7 min read
There are many great qualities a trader might have. But without self-discipline even the most skilled technical analyst will lose their money, not being able to control their behavior and risking more than they should. But how does one build self-discipline, especially when it comes to trading?
The steps that are described below might seem simple — and they are, at least in theory. However, following them may help fundamentally change your approach to trading and considerably improve your discipline. These are the important components to more mindful and deliberate trading.
Refocus your attention
If your eyes are always on the prize, you might be getting too caught up in the idea of earning. While technically it is the goal of any trader, contrary to what you may think, focusing on positive outcomes is never helpful or productive. Why is that?
Concentrating on the outcomes makes it hard for traders to control their emotions.

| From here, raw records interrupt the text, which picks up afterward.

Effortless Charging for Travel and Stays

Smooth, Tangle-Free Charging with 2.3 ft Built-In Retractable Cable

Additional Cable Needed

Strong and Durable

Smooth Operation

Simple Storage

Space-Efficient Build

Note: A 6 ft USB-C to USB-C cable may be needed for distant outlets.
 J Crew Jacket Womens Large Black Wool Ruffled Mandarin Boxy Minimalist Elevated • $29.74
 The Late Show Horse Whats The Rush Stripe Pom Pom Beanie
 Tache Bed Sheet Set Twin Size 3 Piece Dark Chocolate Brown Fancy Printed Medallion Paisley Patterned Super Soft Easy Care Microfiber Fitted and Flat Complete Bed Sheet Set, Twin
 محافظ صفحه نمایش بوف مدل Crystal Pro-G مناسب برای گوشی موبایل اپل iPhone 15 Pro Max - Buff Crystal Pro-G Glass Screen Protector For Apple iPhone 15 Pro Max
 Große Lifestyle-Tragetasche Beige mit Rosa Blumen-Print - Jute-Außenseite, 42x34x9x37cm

When considering outcomes to be the most important thing, traders skip all the other steps, trying to get to the finish as fast as possible. They get reckless, double their investments trying to recover losses. They do not pay attention to analysis, the only goal is to succeed. If this approach sounds at all familiar, think about how you normally trade. Do you make a checklist, do you plan your strategy in advance? If not, most likely, you are giving into emotions.
Changing the focus from “earning money” to “learning and testing strategies” will help you value what’s actually more important. Change your focus and concentrate on improving your method and practicing more, rather than getting quick outcomes.
Make risk management a habit
Money or risk management is a set of steps or actions one does before, during and after every trade. These steps are needed in order to control the trader’s balance and attempt to manage the risk as well as the potential loss from deals.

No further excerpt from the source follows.